Furthermore, it goes without saying that the light serving as the medium for the light-receiving transistor on the interface surface 7 and the light-emitting portion at the tip of the pen 13 in the embodiment described above does not need to be visible light. For example, infrared radiation can be used.

Furthermore, the present invention includes a light-receiving transistor as an input sensor and a light-emitting diode as a display element, so input and display can be performed simultaneously.
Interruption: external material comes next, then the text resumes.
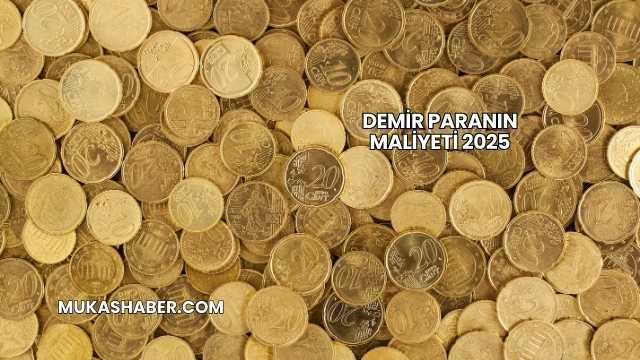 Demir Paranın Maliyeti 2025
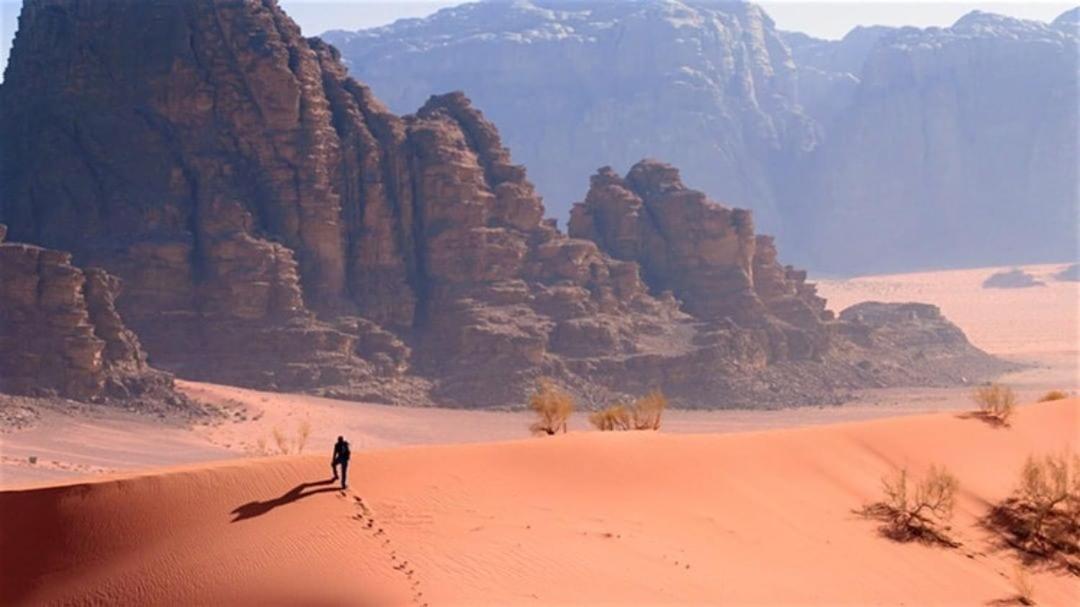 Ammar Rum Camp And Tours Wadi Rum Zewnętrze zdjęcie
Therefore, the scanning time per light-receiving transistor and light-emitting diode can be made sufficiently long. This scanning time is particularly short on an interface surface with a multi-character frame, so the fact that the unit scanning time is long enough means that the screen is displayed with sufficient light intensity.
This advantage can be said to be important because it means that stable input is possible.

(Effects of the Invention) As described above in detail, according to the present invention, the input section and the display section can be constructed from one member, which is inexpensive, and
Input operations and confirmation are easier, reducing fatigue.
There are various advantages such as improved input speed.

[Brief explanation of the drawing]

FIG. 1 is a block diagram of a conventional online handwritten character recognition device, FIG. 2 is a block diagram showing an embodiment of the present invention, and FIG. 3 is a detailed view of the interface surface 7. 1... Tablet, 2... Pen, 3... Recognition section, 4... Control section, 5... Display section, 6... Printing section, 7... Interface surface, 8... X-ray selection counter, 9 ...X-ray decoder driver, 10...
... Y-line selection counter, 11 ... Y-line decoder driver, 12 ... Y-line light receiving circuit, 13 ... Pen with a light emitting part and switch at the tip, 14 ... Sample circuit, 15 ... Font memory, 16 ... matching circuit.

Claims (1)

[Claims] 1 At least two cells each consisting of a light emitting diode and a light receiving transistor are arranged in a matrix.
The interface surface that constitutes the above character frame,
a counter and drive circuit that scans the cells and sequentially selects and drives them; a pen that has a switch and a light emitting section at its tip and illuminates the light receiving transistor with the light emitting section when the switch is pressed; and each of the light receiving transistors. means for detecting a pattern of light received from the light emitting section of the pen from the instantaneous value of the counter, a recognition section for recognizing the pattern, and a standardized bit pattern of the character recognized by the recognition section on the light emitting diode on the interface surface. 1. An online handwritten character recognition device comprising: means for displaying visible characters or figures.